**Collected data**
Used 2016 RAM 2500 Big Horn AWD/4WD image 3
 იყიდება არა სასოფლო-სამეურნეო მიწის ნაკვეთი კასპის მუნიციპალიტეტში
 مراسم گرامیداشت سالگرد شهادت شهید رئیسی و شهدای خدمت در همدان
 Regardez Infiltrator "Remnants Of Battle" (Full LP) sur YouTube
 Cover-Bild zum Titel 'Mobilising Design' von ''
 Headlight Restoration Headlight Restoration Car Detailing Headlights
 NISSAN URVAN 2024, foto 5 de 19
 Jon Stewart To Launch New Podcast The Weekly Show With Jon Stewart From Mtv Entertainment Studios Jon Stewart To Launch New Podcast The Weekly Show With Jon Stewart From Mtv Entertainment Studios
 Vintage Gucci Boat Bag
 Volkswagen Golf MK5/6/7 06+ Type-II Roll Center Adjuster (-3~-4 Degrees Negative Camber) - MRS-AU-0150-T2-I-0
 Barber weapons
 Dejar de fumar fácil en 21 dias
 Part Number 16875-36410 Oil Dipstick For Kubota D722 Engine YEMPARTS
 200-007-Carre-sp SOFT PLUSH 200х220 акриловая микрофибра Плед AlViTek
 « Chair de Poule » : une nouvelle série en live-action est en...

**Instructions to follow**
All of the data above should be set down word for word.

**Result**
Used 2016 RAM 2500 Big Horn AWD/4WD image 3
 იყიდება არა სასოფლო-სამეურნეო მიწის ნაკვეთი კასპის მუნიციპალიტეტში
 مراسم گرامیداشت سالگرد شهادت شهید رئیسی و شهدای خدمت در همدان
 Regardez Infiltrator "Remnants Of Battle" (Full LP) sur YouTube
 Cover-Bild zum Titel 'Mobilising Design' von ''
 Headlight Restoration Headlight Restoration Car Detailing Headlights
 NISSAN URVAN 2024, foto 5 de 19
 Jon Stewart To Launch New Podcast The Weekly Show With Jon Stewart From Mtv Entertainment Studios Jon Stewart To Launch New Podcast The Weekly Show With Jon Stewart From Mtv Entertainment Studios
 Vintage Gucci Boat Bag
 Volkswagen Golf MK5/6/7 06+ Type-II Roll Center Adjuster (-3~-4 Degrees Negative Camber) - MRS-AU-0150-T2-I-0
 Barber weapons
 Dejar de fumar fácil en 21 dias
 Part Number 16875-36410 Oil Dipstick For Kubota D722 Engine YEMPARTS
 200-007-Carre-sp SOFT PLUSH 200х220 акриловая микрофибра Плед AlViTek
 « Chair de Poule » : une nouvelle série en live-action est en...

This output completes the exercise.